Awards and recognition
For The Year We Disappeared
 Publishers Weekly Best Book of 2008
 An IndieBound Next Pick
 Cybils Award, Nonfiction, 2008
 Georgia Peach Book Award For Teen Readers Nominee
 IRA/CC Young Adults’ Choice
 Texas Taysha Reading List (2010)
 Iowa High School Book Award (2011)
For Blink Once
 Junior Library Guild Selection
 Scholastic Catalog Selection
 Nominated and Finalist: Isinglass Book Award, 2014
 Nominated and Finalist: Grand Canyon Reader Award, 2014
 Published in: US, United Kingdom, Australia, New Zealand, Czech Republic, Germany.
For The Nine Lives of Jacob Tibbs
 Starred review, Booklist
 Starred review, School Library Journal
 Amazon "Best Book of the Month" February 2016
For The Stranger Game
 Junior Library Guild Selection
 Rights sold in: US, United Kingdom, Turkey, Spain, France

Works

Fiction
 The Chicken Fried Rat (1999)
 Blink Once (2012)
 The Nine Lives of Jacob Tibbs (2016)
 The Stranger Game (2016)

Nonfiction
 Getting Dumped…and Getting Over It (2001)
 Pajama Party Undercover (2003)
 Dream Journey (2003)

Picture Book
 The Bookstore Cat (2020) Illustrations by Charles Santoso 
 The White House Cat (2022) Illustrations by Neely Daggett

Memoir
 The Year We Disappeared: A Father-Daughter Memoir, John and Cylin Busby (2008).

Series
 Date Him or Dump Him? (2007)
 The Campfire Crush
 The Dance Dilemma
 Ski Trip Trouble

Anthology
 First Kiss, Then Tell (2008)

Short Story
 The Homestake Project (2020) The Magazine of Fantasy and Science Fiction

Audio book
 The Year We Disappeared, John and Cylin Busby, (2012)
 The Stranger Game (2016)

Film and television
 48 Hours "Live to Tell: The Year We Disappeared" (airdate: 2/14/09)
 Optioned: The Year We Disappeared (limited series)
 In development: The Stranger Game (TV series)
Screenplay: Rebecca and Quinn Get Scared (with Nanci Katz)
 Sold to New Line Cinema. Trish Sie attached to direct.
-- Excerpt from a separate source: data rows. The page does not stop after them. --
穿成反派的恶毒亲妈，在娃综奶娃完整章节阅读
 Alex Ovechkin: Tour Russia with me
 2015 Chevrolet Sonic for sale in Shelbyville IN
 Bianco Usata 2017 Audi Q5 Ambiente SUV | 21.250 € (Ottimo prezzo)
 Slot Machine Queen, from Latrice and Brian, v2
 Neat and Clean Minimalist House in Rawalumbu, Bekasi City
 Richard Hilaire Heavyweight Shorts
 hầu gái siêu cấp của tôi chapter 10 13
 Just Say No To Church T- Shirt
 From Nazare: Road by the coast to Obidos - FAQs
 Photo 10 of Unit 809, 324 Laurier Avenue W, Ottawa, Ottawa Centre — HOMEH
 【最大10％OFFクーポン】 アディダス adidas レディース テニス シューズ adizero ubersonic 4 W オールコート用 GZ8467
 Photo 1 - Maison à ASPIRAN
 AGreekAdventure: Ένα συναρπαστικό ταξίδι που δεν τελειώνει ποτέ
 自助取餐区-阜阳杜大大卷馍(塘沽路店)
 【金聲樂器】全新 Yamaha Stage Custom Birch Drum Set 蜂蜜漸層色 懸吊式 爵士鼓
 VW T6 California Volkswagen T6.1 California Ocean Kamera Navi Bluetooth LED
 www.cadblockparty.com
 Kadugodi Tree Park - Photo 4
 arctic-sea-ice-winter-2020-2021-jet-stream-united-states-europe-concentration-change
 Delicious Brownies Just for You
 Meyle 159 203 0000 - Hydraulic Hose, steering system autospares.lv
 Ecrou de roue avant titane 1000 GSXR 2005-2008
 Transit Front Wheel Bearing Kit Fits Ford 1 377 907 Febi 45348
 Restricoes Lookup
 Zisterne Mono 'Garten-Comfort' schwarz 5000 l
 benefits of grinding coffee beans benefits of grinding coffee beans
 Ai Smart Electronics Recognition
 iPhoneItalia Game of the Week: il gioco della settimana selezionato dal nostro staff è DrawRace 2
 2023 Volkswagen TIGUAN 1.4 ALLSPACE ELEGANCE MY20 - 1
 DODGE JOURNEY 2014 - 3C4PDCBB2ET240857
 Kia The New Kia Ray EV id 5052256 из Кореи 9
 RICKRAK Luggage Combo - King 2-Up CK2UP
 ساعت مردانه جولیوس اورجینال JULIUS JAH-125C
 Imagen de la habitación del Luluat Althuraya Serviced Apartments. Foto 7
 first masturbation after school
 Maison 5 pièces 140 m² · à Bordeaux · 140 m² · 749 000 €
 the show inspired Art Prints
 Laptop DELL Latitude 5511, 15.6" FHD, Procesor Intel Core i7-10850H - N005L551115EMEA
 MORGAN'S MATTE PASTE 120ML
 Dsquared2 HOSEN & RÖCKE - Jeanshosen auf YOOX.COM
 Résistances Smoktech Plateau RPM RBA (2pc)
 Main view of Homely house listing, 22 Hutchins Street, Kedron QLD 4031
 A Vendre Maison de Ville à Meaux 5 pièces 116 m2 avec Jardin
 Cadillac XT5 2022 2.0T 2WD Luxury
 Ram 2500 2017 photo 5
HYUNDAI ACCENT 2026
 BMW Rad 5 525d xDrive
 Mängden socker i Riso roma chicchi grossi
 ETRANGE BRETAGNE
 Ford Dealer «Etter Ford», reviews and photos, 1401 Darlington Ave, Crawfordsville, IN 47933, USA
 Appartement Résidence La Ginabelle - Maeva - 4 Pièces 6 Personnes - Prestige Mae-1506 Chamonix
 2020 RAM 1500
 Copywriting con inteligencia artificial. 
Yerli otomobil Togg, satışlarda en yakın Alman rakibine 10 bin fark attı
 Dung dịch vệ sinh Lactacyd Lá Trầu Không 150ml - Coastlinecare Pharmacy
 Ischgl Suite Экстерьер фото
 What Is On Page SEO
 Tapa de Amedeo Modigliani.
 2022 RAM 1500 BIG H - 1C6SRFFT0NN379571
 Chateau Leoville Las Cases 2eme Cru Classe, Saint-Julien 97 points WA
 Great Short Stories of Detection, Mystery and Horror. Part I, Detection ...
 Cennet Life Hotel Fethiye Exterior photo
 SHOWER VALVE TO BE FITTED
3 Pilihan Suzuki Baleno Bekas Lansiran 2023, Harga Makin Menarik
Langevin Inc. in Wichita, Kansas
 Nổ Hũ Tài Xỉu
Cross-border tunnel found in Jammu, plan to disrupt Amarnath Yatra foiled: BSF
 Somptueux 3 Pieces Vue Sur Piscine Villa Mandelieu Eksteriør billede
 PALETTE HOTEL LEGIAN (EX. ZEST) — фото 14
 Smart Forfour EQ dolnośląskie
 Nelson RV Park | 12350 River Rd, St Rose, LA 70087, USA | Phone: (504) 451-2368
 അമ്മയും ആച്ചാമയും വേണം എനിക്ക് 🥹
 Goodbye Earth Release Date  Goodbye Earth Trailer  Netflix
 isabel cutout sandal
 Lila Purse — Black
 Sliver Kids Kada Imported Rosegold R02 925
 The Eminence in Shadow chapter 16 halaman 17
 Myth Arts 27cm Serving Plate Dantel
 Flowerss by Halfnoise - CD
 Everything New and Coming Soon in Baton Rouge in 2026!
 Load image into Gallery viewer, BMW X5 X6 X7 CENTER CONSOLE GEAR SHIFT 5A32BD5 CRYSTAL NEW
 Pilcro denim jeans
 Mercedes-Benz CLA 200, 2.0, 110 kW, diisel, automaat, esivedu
Donald DeLine producing.
 Austin Film Festival Finalist (Comedy), Semifinalist (Horror), 2017 
 Script Pipeline Screenplay competition, 2017
 BlueCat Screenplay competition, 2017
Screenplay: Extremophile (sci-fi/horror)
 Finalist, The Writers Lab, 2022.
 Based on short story, The Homestake Project
Screenplay: A Tale of Two Christmases (written with Nanci Katz) (Crown Media/Hallmark)
 2022 (premiere 11/26/22 on Peacock+ and Hallmark Channel)
Screenplay: Weekend to Die For (written with Nanci Katz) 
 2023

References

External links
 
 

Living people
American children's writers
American magazine editors
Hampshire College alumni
Place of birth missing (living people)
Year of birth missing (living people)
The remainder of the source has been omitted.